O pontífice morreu nesta segunda-feira (21), aos 88 anos. No início da pandemia, o papa concedeu indulgência plenária aos mais de 1,3 bilhão de católicos de todo o mundo. Papa faz missa sozinho na Praça São Pedro vazia nesta sexta (27)
Alessandra Tarantino/AP
O papa Francisco morreu nesta segunda-feira (21), às 7h35 no horário de Vaticano, ou 2h35 pelo horário de Brasília. Ele tinha 88 anos e comandava a Igreja Católica desde 2013.
Francisco, que foi o primeiro latino-americano a assumir o papado, ficou conhecido por suas mensagens e gestos pela paz durante todos os 12 anos em que desempenhou seu papel como pontífice.
Entre as diversas imagens e palavras que marcaram seu legado como papa, uma das mais marcantes ocorreu em 27 de março de 2020, no auge da pandemia de Covid-19.
Em um momento marcado pelas medidas de isolamento social e o medo generalizado pela pandemia que avançava e deixava milhares de doentes e mortos em todo o mundo, Francisco rezou pela humanidade sozinho na imensa e vazia Praça de São Pedro.
AO VIVO: Acompanhe a repercussão da morte do papa
✅ Clique aqui para seguir o canal de notícias internacionais do g1 no WhatsApp
ANÁLISE: Papa Francisco eterniza legado de reforma e simplicidade na Igreja Católica
Em Praça São Pedro vazia, Papa Francisco dá benção especial: ‘Devemos andar juntos’
Naquele momento, o papa concedeu a benção de “Urbi et Orbi” (à cidade e ao mundo, na tradução) a todos os mais de 1,3 bilhão de católicos do mundo.
Essa benção, que só costuma ser concedida no Natal e no domingo de Páscoa, as datas mais importantes para a Igreja Católica, oferece aos fieis a chamada “indulgência plenária”, que concede perdão aos pecados.
Na época, o Vaticano afirmou que aquele era um “evento extraordinário” que aconteceu “em um momento específico, quando o mundo cai de joelhos pela pandemia”. “Um momento de graça extraordinária que nos dá a oportunidade de viver esse tempo de sofrimento e medo com fé e esperança”, dizia a nota.
Além do momento de oração e concessão da benção, a homilia (reflexão sobre o evangelho do dia dos religiosos que celebram missas) do papa naquele dia também repercutiu na época e voltou a ganhar destaque nesta segunda, com o falecimento do pontífice.
Na ocasião, Francisco relembrou uma passagem bastante conhecida da Bíblia, em que os discípulos de Jesus se assustam com uma tempestade no mar enquanto o líder dormia.
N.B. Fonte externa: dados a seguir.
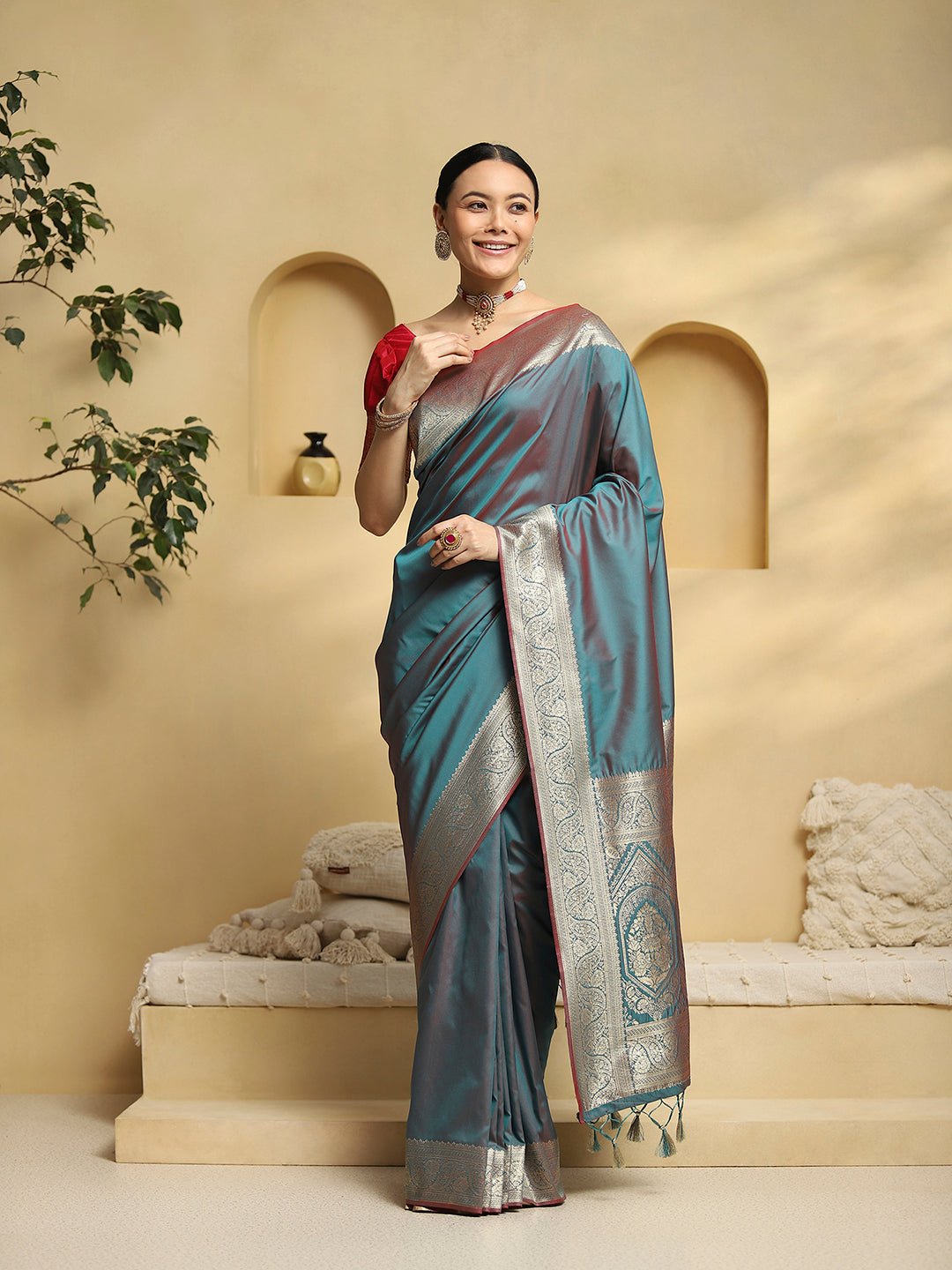 Teal Green Banarasi Silk Saree - Ressa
Antes de acalmar a tempestade, Jesus questiona: “por que temeis, homens de pouca fé?”.
“A fé começa quando nos damos conta de que precisamos de salvação. Não somos autossuficientes; sozinhos, afundamos: precisamos do Senhor, como os antigos navegadores precisavam das estrelas”, disse Francisco.
“Como os discípulos, experimentaremos que com Ele a bordo não haverá naufrágio. Porque esta é a força de Deus: transformar em bem tudo o que nos acontece, mesmo as coisas más. Ele traz serenidade às nossas tempestades, porque com Deus a vida nunca morre”, afirmou o papa em seu sermão.
Essa foi uma das homilias mais populares de Francisco durante seus 12 anos de papado.
Nesta segunda, após o anúncio da morte do pontífice, o vídeo do papa na Praça de São Pedro vazia e suas palavras naquele momento são algumas das lembranças mais compartilhadas nas redes sociais.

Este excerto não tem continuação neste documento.